Le riforme al bilancio dell’Ue possono migliorare e renderlo più inclusivo, sottolinea l’Ocse. Vi è spazio per aumentare i contributi statali, compreso il finanziamento attuale che non riflette la capacità di pagamento dei paesi. L’indagine Ue suggerisce di fatto le risorse per finanziare la spesa che stimoli la crescita, includendo i costi, liberando dalla graduale eliminazione i pagamenti di produzione sulla politica agricola comune e più mirata ad una politica regionale per quelle in ritardo di sviluppo.
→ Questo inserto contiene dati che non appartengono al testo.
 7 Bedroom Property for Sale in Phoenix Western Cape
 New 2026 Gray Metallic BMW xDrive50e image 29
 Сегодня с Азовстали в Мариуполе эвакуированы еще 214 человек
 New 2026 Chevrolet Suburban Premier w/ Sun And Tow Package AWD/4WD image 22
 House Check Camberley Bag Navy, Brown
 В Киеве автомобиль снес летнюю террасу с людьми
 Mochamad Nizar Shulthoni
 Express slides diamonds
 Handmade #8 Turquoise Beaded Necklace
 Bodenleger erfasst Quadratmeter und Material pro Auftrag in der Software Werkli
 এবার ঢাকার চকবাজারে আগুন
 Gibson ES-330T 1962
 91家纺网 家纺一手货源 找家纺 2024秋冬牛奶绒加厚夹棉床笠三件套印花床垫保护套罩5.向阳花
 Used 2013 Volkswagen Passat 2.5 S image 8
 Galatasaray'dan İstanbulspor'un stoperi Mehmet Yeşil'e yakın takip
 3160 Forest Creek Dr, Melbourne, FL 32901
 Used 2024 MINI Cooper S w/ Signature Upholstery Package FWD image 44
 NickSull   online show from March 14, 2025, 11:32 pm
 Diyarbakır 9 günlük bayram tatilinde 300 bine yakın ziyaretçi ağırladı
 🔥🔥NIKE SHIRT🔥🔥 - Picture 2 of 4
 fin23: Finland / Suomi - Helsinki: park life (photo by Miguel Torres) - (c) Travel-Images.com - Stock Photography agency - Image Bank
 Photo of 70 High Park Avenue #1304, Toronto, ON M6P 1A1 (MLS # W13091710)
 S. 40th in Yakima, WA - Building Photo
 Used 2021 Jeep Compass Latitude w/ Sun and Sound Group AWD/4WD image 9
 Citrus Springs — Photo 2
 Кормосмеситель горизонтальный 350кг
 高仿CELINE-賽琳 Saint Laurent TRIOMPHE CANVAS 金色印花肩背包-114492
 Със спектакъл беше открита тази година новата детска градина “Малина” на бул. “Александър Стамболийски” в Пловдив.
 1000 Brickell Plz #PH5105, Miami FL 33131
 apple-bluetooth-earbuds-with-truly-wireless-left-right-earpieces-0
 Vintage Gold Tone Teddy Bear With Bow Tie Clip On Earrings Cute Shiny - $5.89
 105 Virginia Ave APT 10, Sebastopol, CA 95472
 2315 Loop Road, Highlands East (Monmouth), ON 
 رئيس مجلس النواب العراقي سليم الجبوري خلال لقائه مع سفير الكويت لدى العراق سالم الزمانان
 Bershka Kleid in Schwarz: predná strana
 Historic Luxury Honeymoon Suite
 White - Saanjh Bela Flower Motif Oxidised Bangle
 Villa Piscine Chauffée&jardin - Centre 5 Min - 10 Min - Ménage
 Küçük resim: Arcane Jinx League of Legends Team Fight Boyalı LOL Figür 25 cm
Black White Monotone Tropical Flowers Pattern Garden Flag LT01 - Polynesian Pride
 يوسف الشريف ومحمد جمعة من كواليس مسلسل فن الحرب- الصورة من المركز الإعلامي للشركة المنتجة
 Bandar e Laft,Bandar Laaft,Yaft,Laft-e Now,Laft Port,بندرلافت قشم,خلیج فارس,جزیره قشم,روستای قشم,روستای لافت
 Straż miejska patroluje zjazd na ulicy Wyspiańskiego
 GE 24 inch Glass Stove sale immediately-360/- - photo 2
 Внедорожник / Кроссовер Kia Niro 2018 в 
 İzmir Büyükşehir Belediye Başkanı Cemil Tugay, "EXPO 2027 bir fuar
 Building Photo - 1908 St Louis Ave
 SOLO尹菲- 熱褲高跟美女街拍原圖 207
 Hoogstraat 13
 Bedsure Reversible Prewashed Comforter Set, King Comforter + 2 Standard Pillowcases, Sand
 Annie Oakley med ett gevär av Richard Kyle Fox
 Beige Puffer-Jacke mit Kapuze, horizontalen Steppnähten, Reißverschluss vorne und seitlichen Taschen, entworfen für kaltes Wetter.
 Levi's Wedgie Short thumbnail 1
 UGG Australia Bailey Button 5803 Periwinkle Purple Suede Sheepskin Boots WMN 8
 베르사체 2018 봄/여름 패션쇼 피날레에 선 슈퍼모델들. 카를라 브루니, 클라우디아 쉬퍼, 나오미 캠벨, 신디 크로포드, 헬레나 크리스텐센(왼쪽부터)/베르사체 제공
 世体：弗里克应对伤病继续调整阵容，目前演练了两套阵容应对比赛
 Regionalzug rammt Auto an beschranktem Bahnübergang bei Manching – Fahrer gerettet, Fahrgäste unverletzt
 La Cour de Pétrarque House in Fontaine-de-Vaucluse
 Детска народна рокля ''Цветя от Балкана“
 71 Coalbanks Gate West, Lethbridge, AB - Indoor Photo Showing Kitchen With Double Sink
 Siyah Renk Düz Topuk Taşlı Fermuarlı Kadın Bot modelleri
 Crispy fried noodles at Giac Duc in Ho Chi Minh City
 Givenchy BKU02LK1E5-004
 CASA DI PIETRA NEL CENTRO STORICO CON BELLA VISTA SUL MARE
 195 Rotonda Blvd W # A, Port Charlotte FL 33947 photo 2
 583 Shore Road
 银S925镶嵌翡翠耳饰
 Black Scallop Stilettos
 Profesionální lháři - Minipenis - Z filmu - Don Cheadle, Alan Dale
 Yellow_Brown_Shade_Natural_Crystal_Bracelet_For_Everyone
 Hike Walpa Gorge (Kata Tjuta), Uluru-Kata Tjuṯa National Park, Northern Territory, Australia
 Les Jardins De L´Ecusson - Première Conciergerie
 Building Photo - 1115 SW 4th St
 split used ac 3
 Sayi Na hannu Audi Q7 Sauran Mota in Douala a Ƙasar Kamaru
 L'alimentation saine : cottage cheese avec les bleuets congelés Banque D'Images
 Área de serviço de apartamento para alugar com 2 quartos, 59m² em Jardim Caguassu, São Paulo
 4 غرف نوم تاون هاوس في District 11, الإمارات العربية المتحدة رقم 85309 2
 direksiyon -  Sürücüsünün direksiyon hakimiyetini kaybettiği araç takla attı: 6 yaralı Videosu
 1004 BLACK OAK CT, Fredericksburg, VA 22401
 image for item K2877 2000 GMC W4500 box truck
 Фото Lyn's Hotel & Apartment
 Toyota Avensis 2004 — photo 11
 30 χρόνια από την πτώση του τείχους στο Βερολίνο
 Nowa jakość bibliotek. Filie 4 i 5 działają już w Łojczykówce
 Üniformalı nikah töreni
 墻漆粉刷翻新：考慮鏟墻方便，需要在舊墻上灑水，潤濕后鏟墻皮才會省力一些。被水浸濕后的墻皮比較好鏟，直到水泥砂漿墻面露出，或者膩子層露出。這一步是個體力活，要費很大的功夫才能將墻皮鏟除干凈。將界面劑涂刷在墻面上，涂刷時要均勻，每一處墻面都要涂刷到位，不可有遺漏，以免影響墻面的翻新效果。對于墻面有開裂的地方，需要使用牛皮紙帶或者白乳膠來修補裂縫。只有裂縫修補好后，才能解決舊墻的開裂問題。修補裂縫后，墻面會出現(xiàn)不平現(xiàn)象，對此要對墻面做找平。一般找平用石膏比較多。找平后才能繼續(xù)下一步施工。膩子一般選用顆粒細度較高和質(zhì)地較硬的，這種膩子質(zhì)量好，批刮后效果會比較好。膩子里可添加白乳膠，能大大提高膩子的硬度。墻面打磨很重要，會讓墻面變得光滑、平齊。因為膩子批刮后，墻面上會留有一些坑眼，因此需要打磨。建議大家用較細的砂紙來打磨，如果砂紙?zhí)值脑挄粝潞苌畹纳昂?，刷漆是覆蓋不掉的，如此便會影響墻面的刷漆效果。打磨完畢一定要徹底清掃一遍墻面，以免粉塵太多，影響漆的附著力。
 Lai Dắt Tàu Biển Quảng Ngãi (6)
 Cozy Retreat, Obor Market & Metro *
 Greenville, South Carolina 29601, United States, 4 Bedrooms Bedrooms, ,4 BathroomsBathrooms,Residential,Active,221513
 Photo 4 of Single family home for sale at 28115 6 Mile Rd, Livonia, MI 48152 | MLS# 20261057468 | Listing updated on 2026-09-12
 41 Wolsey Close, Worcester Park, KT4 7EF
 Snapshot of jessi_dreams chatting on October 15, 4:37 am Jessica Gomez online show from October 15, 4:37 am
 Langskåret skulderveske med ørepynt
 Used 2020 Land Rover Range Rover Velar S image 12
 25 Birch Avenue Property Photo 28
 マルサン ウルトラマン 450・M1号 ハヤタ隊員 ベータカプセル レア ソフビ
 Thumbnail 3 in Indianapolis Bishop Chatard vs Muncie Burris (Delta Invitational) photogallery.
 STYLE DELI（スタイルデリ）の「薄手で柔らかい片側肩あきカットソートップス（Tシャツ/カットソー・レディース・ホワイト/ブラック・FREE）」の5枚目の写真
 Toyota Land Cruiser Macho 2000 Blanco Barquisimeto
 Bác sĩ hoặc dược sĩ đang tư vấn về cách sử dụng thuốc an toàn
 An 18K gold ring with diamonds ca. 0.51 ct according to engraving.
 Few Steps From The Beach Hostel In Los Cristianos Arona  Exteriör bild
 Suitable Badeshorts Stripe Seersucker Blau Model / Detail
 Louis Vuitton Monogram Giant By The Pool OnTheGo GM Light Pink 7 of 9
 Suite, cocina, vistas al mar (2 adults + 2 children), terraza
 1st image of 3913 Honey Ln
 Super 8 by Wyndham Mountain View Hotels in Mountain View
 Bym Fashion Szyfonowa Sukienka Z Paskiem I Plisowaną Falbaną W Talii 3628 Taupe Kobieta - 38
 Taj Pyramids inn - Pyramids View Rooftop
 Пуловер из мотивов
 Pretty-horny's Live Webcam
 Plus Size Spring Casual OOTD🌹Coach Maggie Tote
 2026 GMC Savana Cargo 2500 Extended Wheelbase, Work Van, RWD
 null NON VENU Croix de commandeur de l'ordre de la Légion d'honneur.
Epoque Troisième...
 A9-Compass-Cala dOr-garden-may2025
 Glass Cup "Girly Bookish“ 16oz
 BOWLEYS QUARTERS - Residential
Migliorare il funzionamento del mercato unico aumenterebbe la crescita e il tenore di vita, spiega l’Ocse. Vi è spazio per migliorare la qualità dei servizi e dei servizi nel settore energetico, migliorare la cooperazione transfrontaliera nel settore energetico.

Da rafforzamento populismi rischi per la crescita
“Un evento politico negativo come il rafforzamento dei partiti populisti in alcuni Paesi dell’Eurozona, collegato con l’incompletezza dell’architettura dell’area euro, potrebbe portare a un forte aumento dei rischi di ridenominazione (il pericolo che alcuni paesi possano essere costretti a rinunciare all’euro e a reintrodurre proprie valute) e alla perdita di accesso ai mercati per alcuni Paesi sovrano dell’area euro”, si legge ancora nel rapporto dell’Ocse sull’Eurozona, che cita anche le crescenti tensioni protezionistiche tra i rischi per la crescita. Il segretario generale dell’Ocse, Angel Gurria,  sottolinea che ‘l’alto tasso di disoccupazioni in molti Paesi spinge i cittadini a votare a favore di forze politiche anti-Ue’.